Lately, several entrepreneurs have asked me about venture debt. Venture debt is bank-provided debt for startups that have raised money from venture capitalists or have a few million in annual recurring revenue. At Pardot, we didn’t raise any venture capital but we did use a $3M line of credit from SVB. Only, I’m not seeing entrepreneurs sign up for venture debt to actually use, like we did at Pardot.
Today, entrepreneurs are signing up for venture debt as a safety net. The idea is to have the money available in the event things don’t go according to plan, but not to be used as part of the plan. Here are a few thoughts on venture debt as safety net:
- Entrepreneurs are optimistic at their core, but they also know that things don’t always work out like the plan. Having a financial back up option provides some peace of mind.

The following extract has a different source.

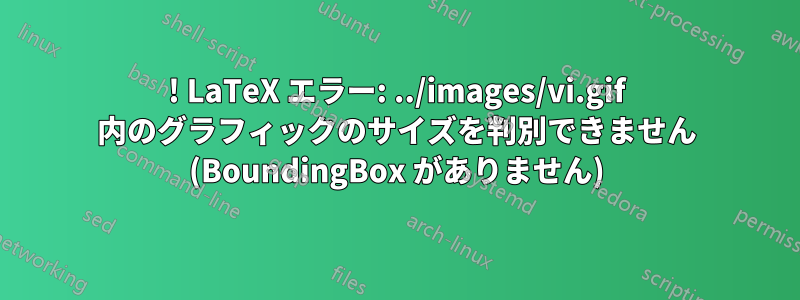 ! LaTeX エラー: ../images/vi.gif 内のグラフィックのサイズを判別できません (BoundingBox がありません)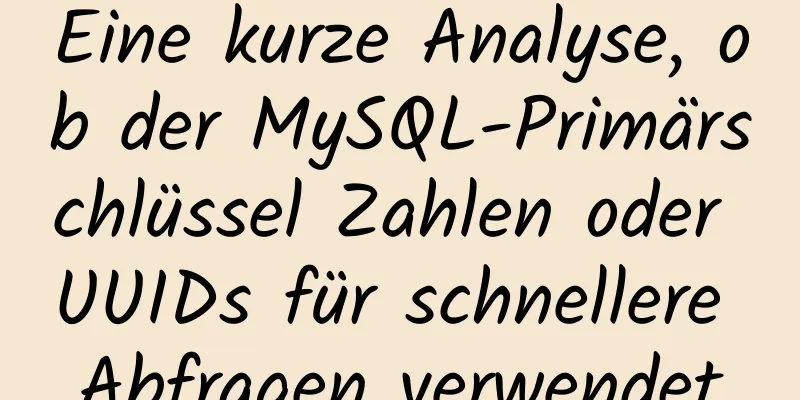 Eine kurze Analyse, ob der MySQL-Primärschlüssel Zahlen oder UUIDs für schnellere Abfragen verwendet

- Venture debt has a price (legal fees, closing costs, etc.) but the actual debt doesn’t have to be drawn down making it much cheaper than expected to have access to the capital
- Signing up for venture debt requires more ongoing financial rigor with the bank, but that financial rigor is a good thing in that there’s another set of eyes reviewing the business operations (e.g. someone at the bank that reviews a number of these types of businesses)
Entrepreneurs that have the scale or funding should actively evaluate venture debt as a safety net. The costs are relatively low and the value is high.
What else? What are some more thoughts on venture debt as safety net?